Proprio la crescita professionale, una volta avvenuto l’ingresso in un ambiente di lavoro prevalentemente maschile, è uno dei nodi più difficili da risolvere. Eccellenti professioniste, con tutto il curriculum di studi ed esperienze necessario, si trovano spesso a sbattere la testa contro il cosiddetto “tetto di cristallo”, quella barriera invisibile che impedisce alle donne di raggiungere ruoli di vertice. È un fenomeno purtroppo ampiamente documentato in molti settori, e le STEM non fanno certo eccezione. “I dati europei mostrano che, man mano che si sale nei ruoli scientifici e tecnologici, la presenza femminile diminuisce”, dice Martina Rogato. “È il fenomeno noto come leaky pipeline: le donne entrano, ma molte si perdono lungo il percorso.”

È una perdita di talenti che non danneggia solo le dirette interessate, ma tutto il mondo della ricerca scientifica e tecnologica, e che oggi riguarda da vicino anche la transizione ecologica, come osserva Rogato. “Tutti i settori chiave della transizione (energia, clima, dati ambientali, tecnologie pulite) hanno una componente tecnica fortissima”, conclude Rogato. “Servono ingegnere, data scientists, esperte digitali.

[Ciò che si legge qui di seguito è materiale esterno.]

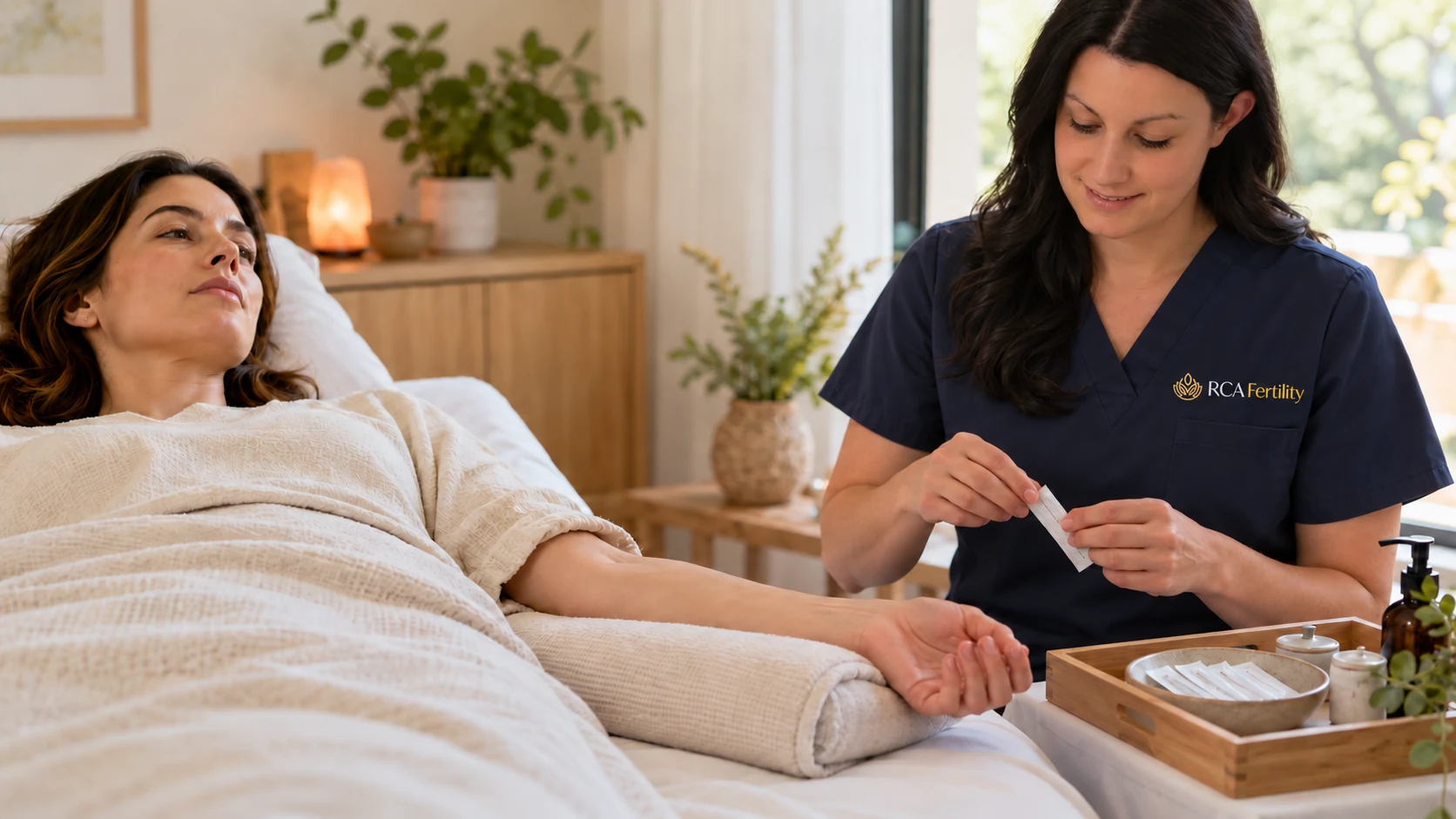 Sandy beside a reclining woman in an RCA care scene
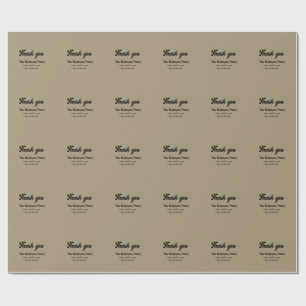 Simple thank you add business name details text t wrapping paper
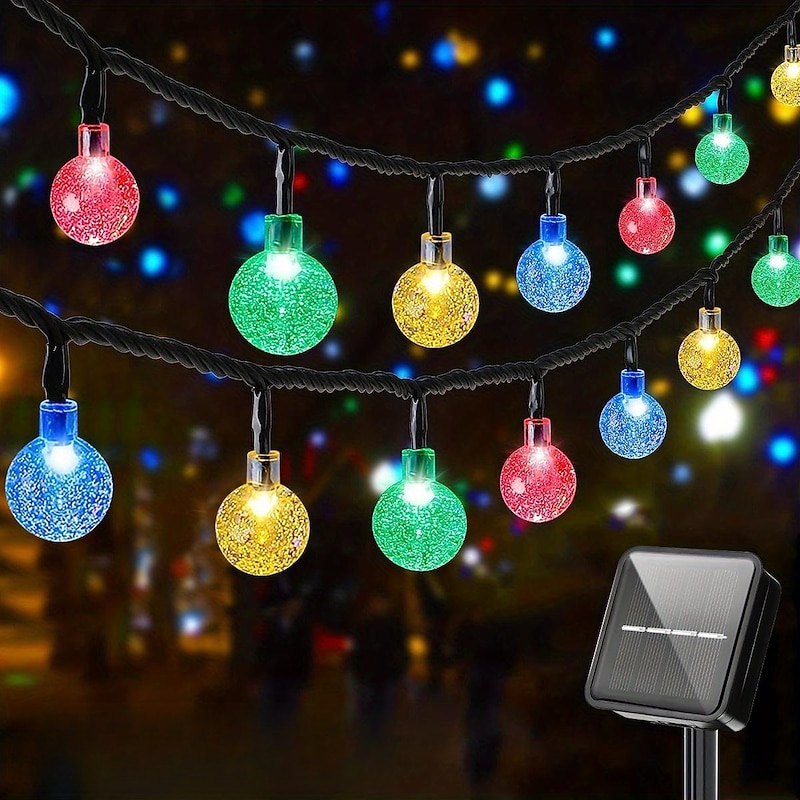 Solar Globe String Lights Outdoor 10M 50LEDs Crystal Ball Wedding Patio Lights, 8 Modes Waterproof for Garden, Lawn, Party, Wedding and Courtyard Decorations4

Se le donne restano ai margini di questi percorsi, perdiamo metà del talento disponibile proprio quando servirebbero più competenze. E rischiamo anche di progettare la transizione con uno sguardo parziale. Quindi sì, esiste un tetto di cristallo. E oggi non è solo un tema di equità: è un limite allo sviluppo e alla qualità della nostra transizione green.”